It was a very cold, winter night in Heber, Utah, but warm in the restaurant I dined in. I was with two companions enjoying a nice meal. The door to the parking lot opened, and in spite of the howling, bitter cold wind, the elderly man opening the door continued to hold it open several minutes, letting in the freezing cold air, while he waited for his tiny little wife to slowly shuffle in. To the patrons inside it was either adorable or annoying to watch this couple enter the restaurant. My dinner companion said gruffly and sarcastically, “Only a General Authority would hold a door open that long for his wife!” I rolled my eyes. I was of the opinion that it was rather cute and sweet to see a man so diligently and chivalrously hold open a door. A moment later the couple walked right by us, and much to our surprise we recognized them. It was in fact Elder Marvin J. Ashton and his wife. Apparently my companion was right- a General Authority would hold open a door that long for his wife!
The conversation that followed took on many points regarding the differences between chivalry and chauvinism, and feminism and femininity. Chivalry is to show kindness, gallantry, politeness, and valor to a member of the opposite sex – primarily known as the kindness a man may show a woman. Chauvinism on the other hand is compared with bigotry, zealous behavior, bias, and extreme partiality to one’s beliefs (typically that s/he is always right). Chivalry and chauvinism are natural enemies, while feminists will offer arguments that feminism and femininity are evil step-sisters. Dating in the modern age is rife with conflict and confusion as the battle between these ideals grow.

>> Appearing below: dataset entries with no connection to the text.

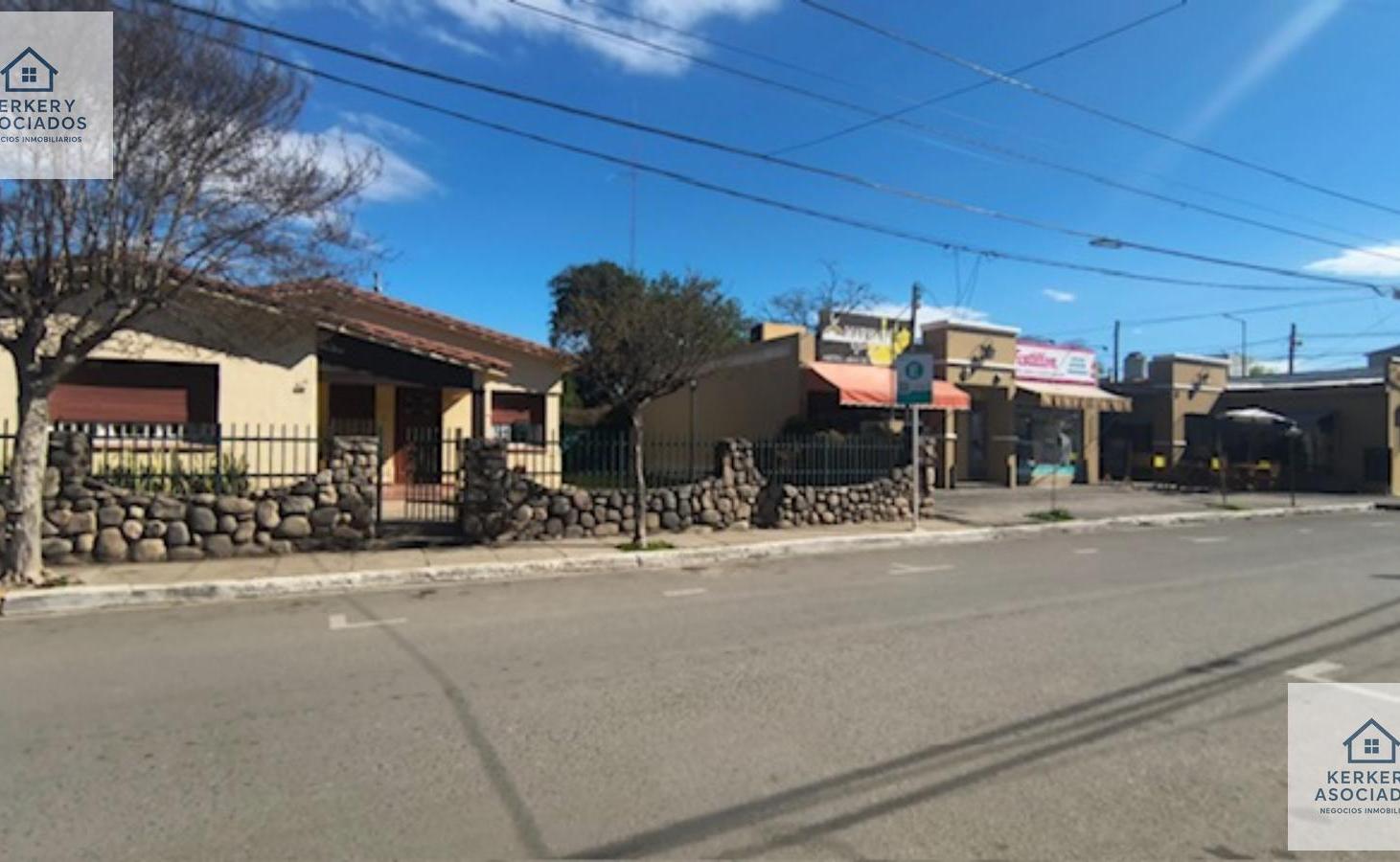Foto de Casa en centro de la villa con posibilidad de complejo comercial, imagen 3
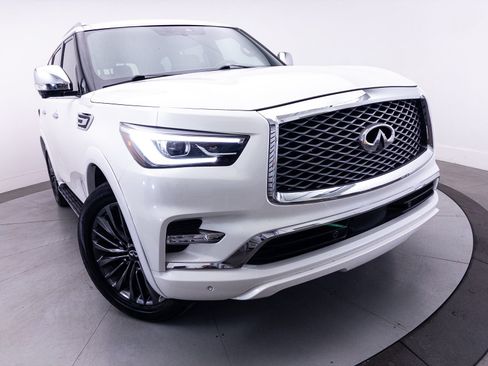 Used 2023 INFINITI QX80 Sensory w/ Cargo Package AWD/4WD image 11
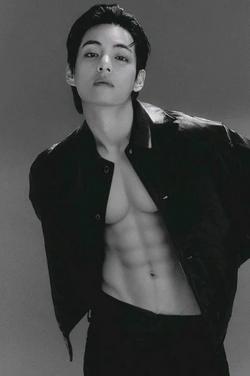 Odwrócony czat AI – rozmawiaj z Kim taehyung
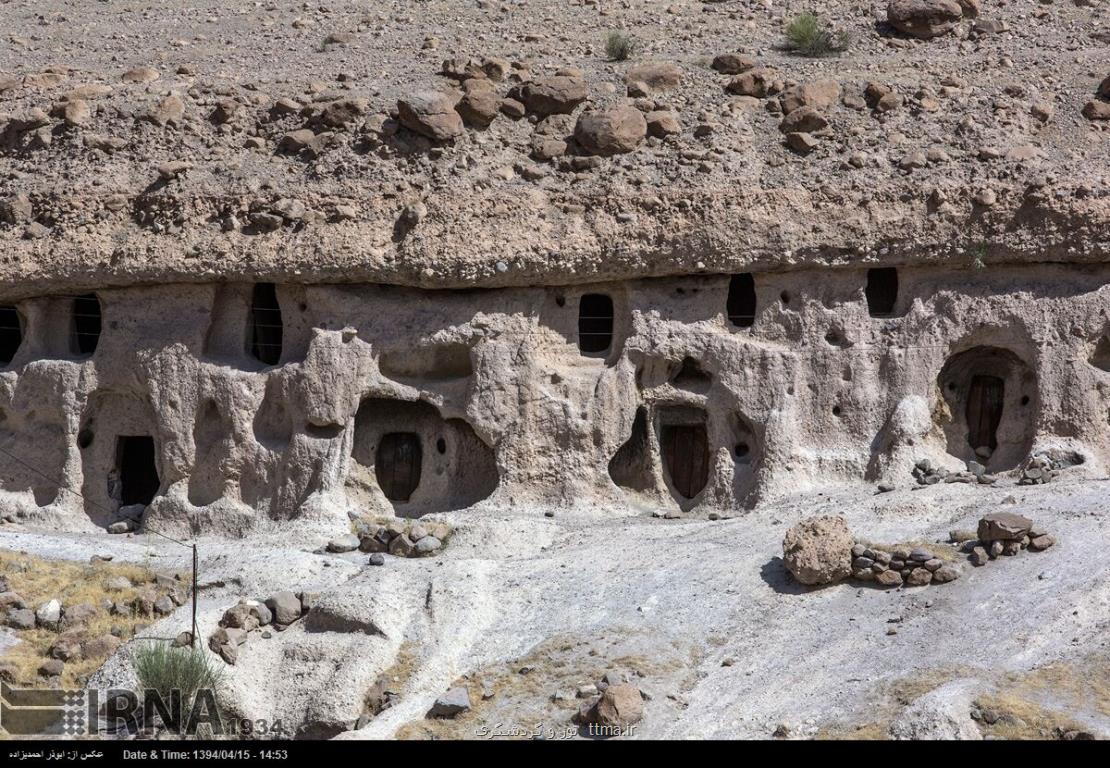 شبكه برق روستای جهانی میمند استان كرمان اصلاح می شود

As I meet men and pursue dating relationships, I look for signs of chivalry and chauvinism. I’m not saying I hold every man I meet to General Authority standards (for the General Authorities are but a chosen few, and not all men will be just like them), but chauvinists don’t last more than a few seconds. I have no time for such nonsense, inconsiderate, and egotistical behavior. But a man who understands the art of chivalry, without coming across as condescending, is worth keeping around.
Chivalry and Feminism and Dating
There are many women, myself included, who constantly find themselves at odds in the dating world, trying to balance an independent streak, feminism, chivalry, chauvinism, ladylike behavior, and so on. It isn’t an easy balance to find, and often, many people misconstrue gospel principles to promote or disapprove of too much feminism, or too much chivalry. When do we let the man pay for a date? And how many dates should he have to pay for? And should we or should we not be baking cookies to repay for favors? Where is the equality in dating? Should there be equality in dating?
As a woman, I do not see how things like opening the door for me demeans me. In fact, if a man makes no effort to open a door for me, I take note. This tiny little gesture speaks volumes. But on the other hand, I’m a very independent woman, and I move at a very fast pace. Don’t expect me to stand around waiting patiently, graciously, and hopelessly for someone to pick up my hanky.
Submission is not the same as chauvinism
In the Church it is preached that we should follow traditional roles where the man or priesthood leader is the breadwinner, and the mother stays home to nurture her family. We are also taught that our dating habits should model how we want our future homes to be like. But this is often contradictory to the lifestyles of many singles. A single woman is encouraged to get an education, and then, to pursue a career. How is a single woman to find that balance between being good at her career, and ascending the mythical ladder, while also assuming the traditional role of homemaker?
God created man and woman in His image, which is to say they were created equal. They were each given individual gifts where the sum is greater than the whole of its parts. The unique talents of the two sexes were taken into consideration, and the duties of the Children of God were assigned respectively. If we are to model our dating and courtship years after what it is we desire to experience in marriage, we must take into consideration our God-given roles and cherish them. For single women this may be the ultimate challenge- to learn to tend to our own individual needs, and provide for ourselves, while striving to achieve the opposite. And then when the season comes to leave singlehood, we must be prepared to leave behind the stability and independence that we were forced into achieving.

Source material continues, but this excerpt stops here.